Thursday, June 14, 2012

Dividing Property of Couples who Aren't Married

Lots of couples live together without getting married. Sometimes the couple plans to wed eventually, but breaks up before the big day. Sometimes one or both parties are adverse to marriage. Sometimes one or both parties were married before, and are not eager to have that sort of relationship again. But whatever the reasoning, these relationship often end. Then the parties are in a situation where their money, and sometimes property, are combined. Clearly, if the couple was married, the legal system would just use the Iowa Code chapter of divorces to divide the property. But that is not available to couples that did not marry.


The Iowa Supreme Court and Iowa Court of Appeals cases discussing this sort of situation usually, but not always, center upon real property, in the form of either a house or farm. Typically, the Court considers how to divide such property under theories of contract, unjust enrichment, constructive trust, and joint venture. In re Marriage of Martin, 681 N.W.2d 619 (Iowa 2004).


Contract: The most straight-forward, if it can be proven, recovery method is in contract. A contract is simply an agreement between two parties. For instance, when one partner in a non-marital relationship tells the other to sell her home and move in with him, and she will have a place to live into retirement, the Court found a contract. It was breached when the couple split, and the partner retaining the residence owed the other partner damages. Kerkove v. Thompson, 487 N.W.2d 643 (Iowa App. 1992).


Unjust Enrichment: Unjust enrichment arises where someone keeps some sort of benefit provided by another without paying, where compensation is reasonably expected. This maybe utilized where one person improved the house owned by the other member of the couple, but the owner did not in any manner compensate for the improvements, and kept the house. However, the enrichment must be unjust in order to obtain recovery.
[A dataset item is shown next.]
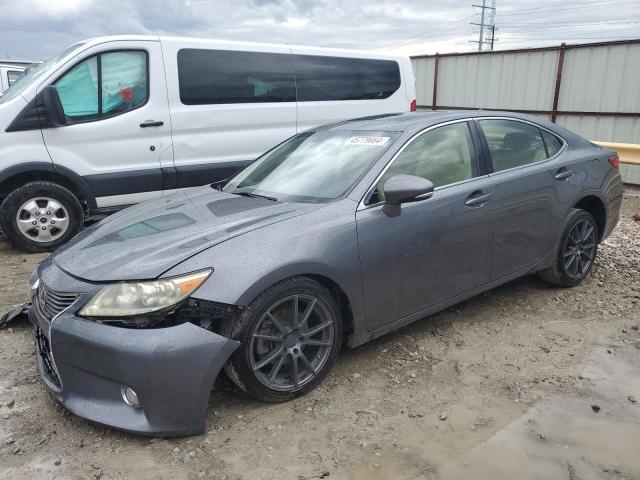 JTHBK1GG8D2062153 - 2013 LEXUS ES 350 GRAY photo 1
In a case where the woman agreed to cook and clean for the man, expended no capital, took no risks, and expended only minor labor on improvements, no unjust enrichment on the man's part was established. Slocum v. Hammond, 346 N.W.2d 485 (Iowa 1984).


Resulting Trust: A resulting trust is a trust imposed by courts, where the circumstances suggest the prior owner did not intend to convey an interest in the property. Intent is key here. So, if the person who accidentally gives his or her interest refused to be on the mortgage or deed to a house, it was clearly not an unintentional surrender of rights. Slocum v. Hammond, 346 N.W.2d 485 (Iowa 1984).


Constructive Trust: This trust is also imposed by the court, where one wrongfully obtained property through wrongdoing. Again, intent can be key, but focuses on the wrongdoing. For instance, if a man tells a woman to move in with him, and she performs cooking and cleaning activities, but provided little toward the actual expenses of the house, there is insufficient proof of him acting inequitably or unconscionably to provide for a constructive trust. She rendered her services gratuitously. Slocum v. Hammond, 346 N.W.2d 485 (Iowa 1984).


Joint Venture: This seems to be the most used recovery vehicle in such cases recently. A joint venture is a business undertaking by two or more people toward a single project. This method divides the property based upon the interest each party held, which when buying a house is usually one-half to each. Therefore, the Court will typically reimburse for contributions toward the house (such as carrying costs and improvements, including labor) and divide the remaining amount equally. Scheppele v. Schulz, 728 N.W.2d 60 (Iowa App. 2006). Under this approach, the Court limits its analysis to the project, like the purchase of the house. Therefore, net worth does not matter, nor does other property, such as joint bank accounts. Riley v. Schrage, no. 01-0681 (Iowa App. July 19, 2002).


Loans: Just because a couple lives together does not mean that money flowing between them does not have to be repaid. In Shold v. Goro, 449 N.W.2d 372 (Iowa 1989), money provided by one party to the other in check form, delineated as a loan in the memo line, had to be repaid after the couple separated. To allow otherwise would to unjustly enrich the borrower by allowing him to keep the money he agreed to repay.